# Lost Parrot give his name and address



## DaveDragon (May 21, 2008)

I've heard Greys are in intelligent but this one is amazing!!

http://www.cnn.com/2008/WORLD/asiapcf/05/21/lost.parrot.ap/index.html


----------



## CoexistExotics (May 21, 2008)

I think birds are just amazing. I've always wanted to keep one, but I am terrified of the power of those beaks


----------



## Mike (May 21, 2008)

That's amazing.


----------



## DaveDragon (May 21, 2008)

CoexistExotics said:


> I think birds are just amazing. I've always wanted to keep one, but I am terrified of the power of those beaks


You've been to All Pets, you must have been bit by one of the greys at least once. I sure have! They sure are strong!


----------



## CoexistExotics (May 21, 2008)

DaveDragon said:


> CoexistExotics said:
> 
> 
> > I think birds are just amazing. I've always wanted to keep one, but I am terrified of the power of those beaks
> ...



Nah I normally just avoid the birds completely. My sister fell in love with a grey once and it was a really sweet little baby. I held him, and he was astonishingly sweet, but I know that like some reptiles, as they get older, they can go through pissy-modes lol


----------



## DaveDragon (May 21, 2008)

Our 10 year old son wants a bird. He got my wife wrapped in it. They finally bought 4 parakeets. They have no idea how loud & messy they will be!

We always check out the birds. Some are friendly, some are nasty. And D A M N expensive!!!


----------



## DZLife (May 22, 2008)

DaveDragon said:


> Our 10 year old son wants a bird. He got my wife wrapped in it. They finally bought 4 parakeets. They have no idea how loud & messy they will be!
> 
> We always check out the birds. Some are friendly, some are nasty. And D A M N expensive!!!



I (well, my father and I) used to breed many species of exotic birds, including: Umbrella Cockatoos, African Greys, and various types of macaws, to name a few.

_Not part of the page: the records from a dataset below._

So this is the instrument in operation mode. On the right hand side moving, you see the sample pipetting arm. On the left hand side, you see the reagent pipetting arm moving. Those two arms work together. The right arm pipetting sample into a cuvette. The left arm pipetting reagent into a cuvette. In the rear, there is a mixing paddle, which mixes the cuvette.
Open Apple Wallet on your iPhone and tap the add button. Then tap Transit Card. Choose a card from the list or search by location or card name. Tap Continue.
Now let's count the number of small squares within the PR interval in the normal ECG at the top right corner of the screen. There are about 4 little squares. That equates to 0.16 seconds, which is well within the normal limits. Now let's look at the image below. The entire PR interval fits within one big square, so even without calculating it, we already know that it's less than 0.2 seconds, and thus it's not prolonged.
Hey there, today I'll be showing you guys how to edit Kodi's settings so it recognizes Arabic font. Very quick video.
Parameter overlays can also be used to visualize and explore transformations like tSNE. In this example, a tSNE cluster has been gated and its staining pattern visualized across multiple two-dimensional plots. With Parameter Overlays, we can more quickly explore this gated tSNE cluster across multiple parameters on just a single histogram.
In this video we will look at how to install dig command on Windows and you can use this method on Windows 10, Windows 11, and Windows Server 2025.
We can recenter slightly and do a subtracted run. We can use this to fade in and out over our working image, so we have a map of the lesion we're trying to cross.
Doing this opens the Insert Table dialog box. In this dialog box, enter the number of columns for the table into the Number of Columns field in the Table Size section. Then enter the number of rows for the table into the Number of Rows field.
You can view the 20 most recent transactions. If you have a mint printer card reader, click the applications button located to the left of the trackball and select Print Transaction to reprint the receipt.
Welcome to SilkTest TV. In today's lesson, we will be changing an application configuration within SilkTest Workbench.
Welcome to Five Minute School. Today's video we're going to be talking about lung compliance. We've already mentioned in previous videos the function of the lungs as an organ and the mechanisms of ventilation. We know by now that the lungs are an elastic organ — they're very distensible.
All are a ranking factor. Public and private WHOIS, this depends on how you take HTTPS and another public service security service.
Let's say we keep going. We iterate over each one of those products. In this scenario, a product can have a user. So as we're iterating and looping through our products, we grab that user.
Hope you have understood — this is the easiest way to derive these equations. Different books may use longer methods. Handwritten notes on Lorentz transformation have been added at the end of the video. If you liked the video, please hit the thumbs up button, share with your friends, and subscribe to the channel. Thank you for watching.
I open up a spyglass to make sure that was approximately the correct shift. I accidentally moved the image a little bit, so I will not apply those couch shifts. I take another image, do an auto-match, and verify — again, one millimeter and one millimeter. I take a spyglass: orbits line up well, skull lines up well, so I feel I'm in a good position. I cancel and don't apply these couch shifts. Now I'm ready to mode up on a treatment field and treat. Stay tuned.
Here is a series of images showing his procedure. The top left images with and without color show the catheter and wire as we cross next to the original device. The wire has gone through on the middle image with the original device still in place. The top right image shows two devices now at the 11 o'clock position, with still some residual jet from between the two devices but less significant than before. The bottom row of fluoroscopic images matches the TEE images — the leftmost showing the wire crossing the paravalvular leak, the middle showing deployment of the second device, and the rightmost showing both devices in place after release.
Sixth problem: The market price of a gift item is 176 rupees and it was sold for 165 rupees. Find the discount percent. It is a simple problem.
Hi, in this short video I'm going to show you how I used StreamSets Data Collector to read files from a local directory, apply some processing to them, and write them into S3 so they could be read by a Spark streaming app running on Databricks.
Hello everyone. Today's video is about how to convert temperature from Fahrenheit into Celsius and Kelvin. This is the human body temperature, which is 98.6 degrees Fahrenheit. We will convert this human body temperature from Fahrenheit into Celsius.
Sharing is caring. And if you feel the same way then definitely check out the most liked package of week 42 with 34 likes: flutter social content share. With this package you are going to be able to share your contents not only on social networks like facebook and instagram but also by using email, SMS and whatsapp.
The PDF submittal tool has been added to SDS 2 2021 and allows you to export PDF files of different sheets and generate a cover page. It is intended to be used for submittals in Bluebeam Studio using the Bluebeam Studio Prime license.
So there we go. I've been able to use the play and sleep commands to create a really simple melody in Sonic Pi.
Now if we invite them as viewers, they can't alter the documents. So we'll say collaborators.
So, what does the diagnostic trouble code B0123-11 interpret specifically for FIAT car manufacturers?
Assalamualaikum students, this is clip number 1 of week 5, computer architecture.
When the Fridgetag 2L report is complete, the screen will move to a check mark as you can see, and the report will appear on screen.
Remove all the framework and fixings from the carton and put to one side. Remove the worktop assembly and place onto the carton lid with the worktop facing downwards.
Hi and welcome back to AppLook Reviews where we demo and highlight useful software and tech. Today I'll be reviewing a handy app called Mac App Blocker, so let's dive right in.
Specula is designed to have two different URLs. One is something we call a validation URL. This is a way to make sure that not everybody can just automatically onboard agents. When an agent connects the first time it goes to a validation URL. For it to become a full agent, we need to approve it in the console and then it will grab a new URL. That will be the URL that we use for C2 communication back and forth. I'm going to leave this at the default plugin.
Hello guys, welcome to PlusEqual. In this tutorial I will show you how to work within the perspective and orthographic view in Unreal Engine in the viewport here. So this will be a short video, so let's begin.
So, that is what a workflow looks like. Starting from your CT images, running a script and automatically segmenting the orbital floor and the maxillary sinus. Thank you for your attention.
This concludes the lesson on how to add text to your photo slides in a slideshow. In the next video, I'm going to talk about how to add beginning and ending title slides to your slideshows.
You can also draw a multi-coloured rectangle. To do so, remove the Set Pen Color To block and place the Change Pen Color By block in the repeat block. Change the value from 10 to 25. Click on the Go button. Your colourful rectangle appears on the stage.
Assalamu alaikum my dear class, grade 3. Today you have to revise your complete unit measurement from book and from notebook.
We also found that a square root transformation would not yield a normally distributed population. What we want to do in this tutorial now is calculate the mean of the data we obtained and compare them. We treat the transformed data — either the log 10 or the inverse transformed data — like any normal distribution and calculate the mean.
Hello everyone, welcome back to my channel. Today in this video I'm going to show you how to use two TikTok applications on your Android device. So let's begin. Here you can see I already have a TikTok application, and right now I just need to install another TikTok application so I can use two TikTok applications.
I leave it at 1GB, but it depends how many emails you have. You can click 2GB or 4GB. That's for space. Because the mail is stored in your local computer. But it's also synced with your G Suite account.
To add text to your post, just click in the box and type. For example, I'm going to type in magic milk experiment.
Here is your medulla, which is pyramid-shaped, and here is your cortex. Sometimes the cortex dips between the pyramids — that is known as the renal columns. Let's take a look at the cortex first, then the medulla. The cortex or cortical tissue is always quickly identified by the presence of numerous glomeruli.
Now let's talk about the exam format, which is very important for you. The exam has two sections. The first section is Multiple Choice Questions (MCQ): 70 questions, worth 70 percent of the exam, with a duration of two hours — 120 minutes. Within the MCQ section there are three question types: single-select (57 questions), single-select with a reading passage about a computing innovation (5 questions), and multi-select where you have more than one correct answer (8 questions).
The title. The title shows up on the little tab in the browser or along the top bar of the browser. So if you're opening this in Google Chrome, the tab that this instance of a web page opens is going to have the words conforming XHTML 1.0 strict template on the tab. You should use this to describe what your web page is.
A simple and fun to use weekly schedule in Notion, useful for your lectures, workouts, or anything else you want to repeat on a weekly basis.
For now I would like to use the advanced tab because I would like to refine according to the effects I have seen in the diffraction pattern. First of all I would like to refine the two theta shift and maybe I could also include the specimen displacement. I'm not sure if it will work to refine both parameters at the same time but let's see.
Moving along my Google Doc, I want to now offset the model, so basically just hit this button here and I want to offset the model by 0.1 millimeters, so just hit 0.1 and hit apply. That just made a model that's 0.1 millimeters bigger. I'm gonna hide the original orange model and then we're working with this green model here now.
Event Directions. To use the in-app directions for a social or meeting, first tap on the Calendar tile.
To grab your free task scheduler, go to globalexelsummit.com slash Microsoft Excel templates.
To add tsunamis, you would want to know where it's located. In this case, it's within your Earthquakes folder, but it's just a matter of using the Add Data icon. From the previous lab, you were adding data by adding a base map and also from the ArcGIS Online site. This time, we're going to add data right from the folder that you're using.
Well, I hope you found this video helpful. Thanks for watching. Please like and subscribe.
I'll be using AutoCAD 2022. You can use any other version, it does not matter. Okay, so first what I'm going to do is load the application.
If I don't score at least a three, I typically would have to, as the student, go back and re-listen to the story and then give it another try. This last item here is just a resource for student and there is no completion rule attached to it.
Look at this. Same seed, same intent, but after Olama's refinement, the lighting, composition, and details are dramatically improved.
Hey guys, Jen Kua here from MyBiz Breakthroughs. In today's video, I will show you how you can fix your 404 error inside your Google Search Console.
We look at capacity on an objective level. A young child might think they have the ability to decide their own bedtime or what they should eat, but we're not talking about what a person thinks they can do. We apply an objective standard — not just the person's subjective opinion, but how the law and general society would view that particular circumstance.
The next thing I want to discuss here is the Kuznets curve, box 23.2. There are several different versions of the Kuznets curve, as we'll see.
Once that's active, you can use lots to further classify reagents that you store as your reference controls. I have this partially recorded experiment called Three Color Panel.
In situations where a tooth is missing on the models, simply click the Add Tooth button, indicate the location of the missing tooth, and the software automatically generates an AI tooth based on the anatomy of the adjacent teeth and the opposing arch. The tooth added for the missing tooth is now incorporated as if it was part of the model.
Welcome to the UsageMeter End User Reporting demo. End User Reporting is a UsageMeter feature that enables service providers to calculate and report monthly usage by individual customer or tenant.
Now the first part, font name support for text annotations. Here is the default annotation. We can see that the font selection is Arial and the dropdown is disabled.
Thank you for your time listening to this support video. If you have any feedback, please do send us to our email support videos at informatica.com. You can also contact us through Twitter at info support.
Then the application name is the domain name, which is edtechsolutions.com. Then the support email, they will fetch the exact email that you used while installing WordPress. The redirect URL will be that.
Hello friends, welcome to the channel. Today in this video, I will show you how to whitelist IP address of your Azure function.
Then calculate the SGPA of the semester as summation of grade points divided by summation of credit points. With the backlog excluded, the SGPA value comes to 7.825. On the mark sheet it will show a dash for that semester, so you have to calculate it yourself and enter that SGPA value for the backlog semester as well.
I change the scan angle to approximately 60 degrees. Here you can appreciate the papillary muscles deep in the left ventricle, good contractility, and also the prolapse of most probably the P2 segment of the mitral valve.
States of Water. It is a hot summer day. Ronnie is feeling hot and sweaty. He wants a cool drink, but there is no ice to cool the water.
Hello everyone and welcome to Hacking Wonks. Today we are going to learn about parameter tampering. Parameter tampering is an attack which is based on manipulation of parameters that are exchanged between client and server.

The birds that we CURRENTLY have include

1 female Eclectus 

2 Blue and Gold Macaws (1m, 1f)

3 African Greys (1m, 1f, and one that I'm not sure about...the unknown sex bird is more of a pet than a breeder, but the other two are active breeders)

2 female Umbrella Cockatoos (one is 4, one is 20-something)

2 emus (similar to ostriches {1m, 1f})

2 Double Yellow-headed Amazons (1m, 1f)



And yes, parrots can be DANG expensive

Oh, and we don't keep them in cooped-up little cages; my father recently had an aviary built large enough for them to fly around a bit. They all get along fairly well.


----------



## DZLife (May 22, 2008)

My tamest african grey used to always yell my name whenever I was around, as my dad always was XD

He also calls my father a poopoohead.
A direct quote from the bird: "Hey Martin! Poopoohead!"
Sometimes he'll add a trick that I taught him......a whistle (like a bomb dropping from the sky) followed by a fart/splat noise.

I like to think that he was imagining that the sound was him taking a crap on my father's head XD


----------



## Kazzy (May 22, 2008)

I love birds! Currently I only have a blue crowned conure, but plan on getting into more birds once I have the time and space. I love my conure, Sammy, though. He's amazing. He dances, gives kisses, barks, and sometimes says "Gimme Kiss".


----------



## DaveDragon (May 23, 2008)

I'm sure we'll get one someday. The greys are amazing birds.


----------